Bayraktar!” sloganlarıyla Türkiye’yi gıyaben onure ettiler. Yani her ne kadar
dünya medyası Türkiye’yi “sivilleri öldüren ülke” etiketiyle sunmak istese de
uluslararası toplum bu tuzağa bırakın düşmeyi, söz konusu karalama kampanyasını
görmedi bile. Belki de görmezden geldi.
Zira
uluslararası toplum, Türkiye’nin başını çektiği tahıl koridoru anlaşmasına
kilitlenmişti. İstanbul’dan gelecek bir iyi haber için merak tavan yapmıştı.
O
özel imzalar atılıp da Türkiye bütün dünyanın gündemine oturunca, Avrupa
ülkeleri başta olmak üzere teşekkürler yükseldi Türkiye için. Şükranlar ardı
ardına geldi.
Türkiye’nin
tahıl koridoru hususunda tebrik edildiği saat ve günlerde Türkiye’deki
muhalefet ise adeta uykuya dalmıştı. Hiçbir şey olmamış gibi davranmaktan
yüksünmediler.
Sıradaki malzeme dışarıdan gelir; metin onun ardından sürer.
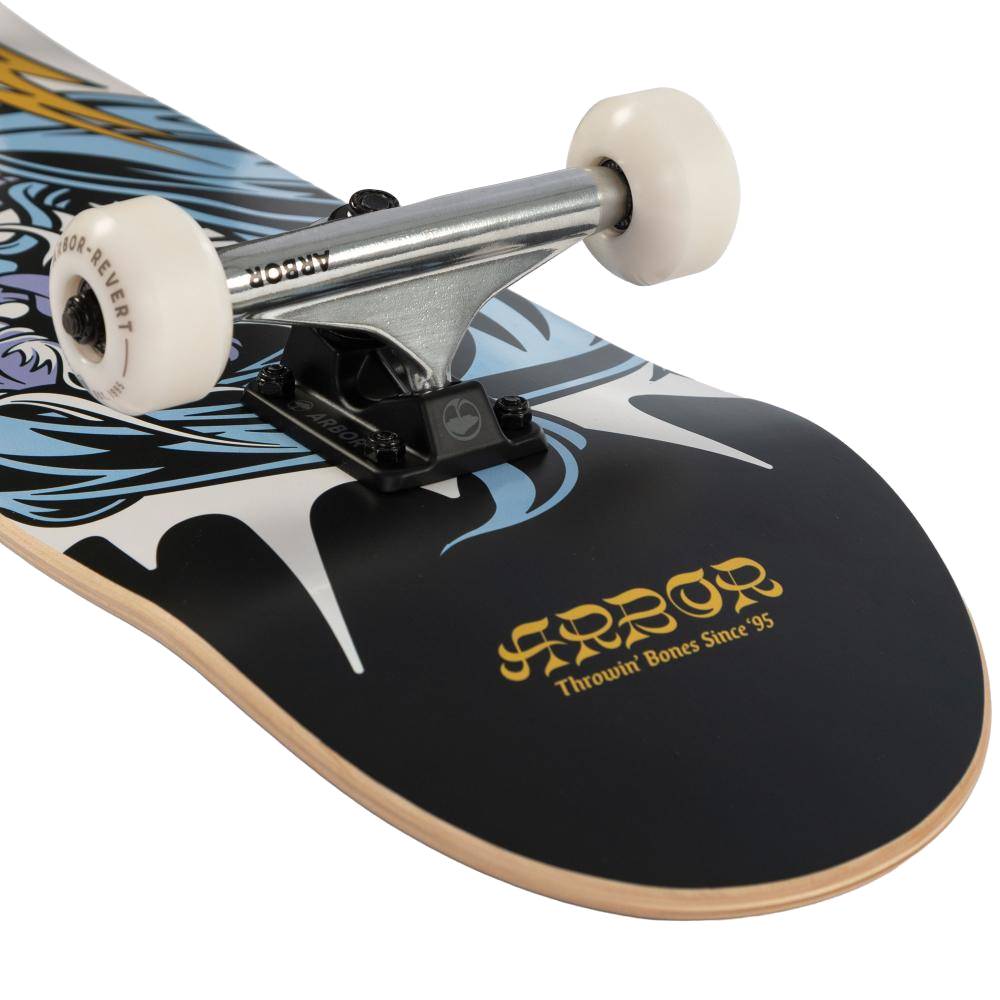 Close-up of the Arbor Street Revert Wizard Complete Skateboard - 8.25″ x 32″ with white wheels, silver trucks, a black and blue graphic deck, and “ARBOR Throwin’ Bones Since 95.” text in yellow.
Ancak neden sonra, akıllarına bir şey geldi. Kuvvetle muhtemel
ya, “Madem dünya İstanbul’daki tahıl ve buğday koridoru anlaşmasını konuşuyor,
biz de yine İstanbul’da ekmek şovu yapalım” dediler.
Tahıl
koridoru anlaşması hakkında hiçbir ses çıkarmayan koca koca adamlar, İstanbul
Büyükşehir Belediyesi’nin Halk Ekmek fabrikasında, adeta ekmeği yeni
keşfetmişçesine buluştular. Tabiî ortaya çok komik görüntüler çıktı.
Nasıl
yapıyorlar, ediyorlar, kendilerini millete rezil ediyorlar. Zannediyorlar ki,
ikâme bir propaganda ile ikâme bir siyaset yolu geliştirebiliriz.
Zannediyorlar
ki, tahıl koridoru konusu bir müjde değil, müjde Halk Ekmek’te. Sanırsınız,
bedava vermeyi taahhüt ettikleri ekmekleri gerçekten bedava veriyorlar.
CHP ve tüm Millet İttifakı bileşenleri bu denli kibre sahip olduktan sonra, ne yaparlarsa yapsınlar, boş! Halka bu denli üstten bakmak, “Aç karnınızı biz doyuruyoruz” cakası satmak bu kadar basit olamaz. Ancak Millet İttifakı bunu beceriyor.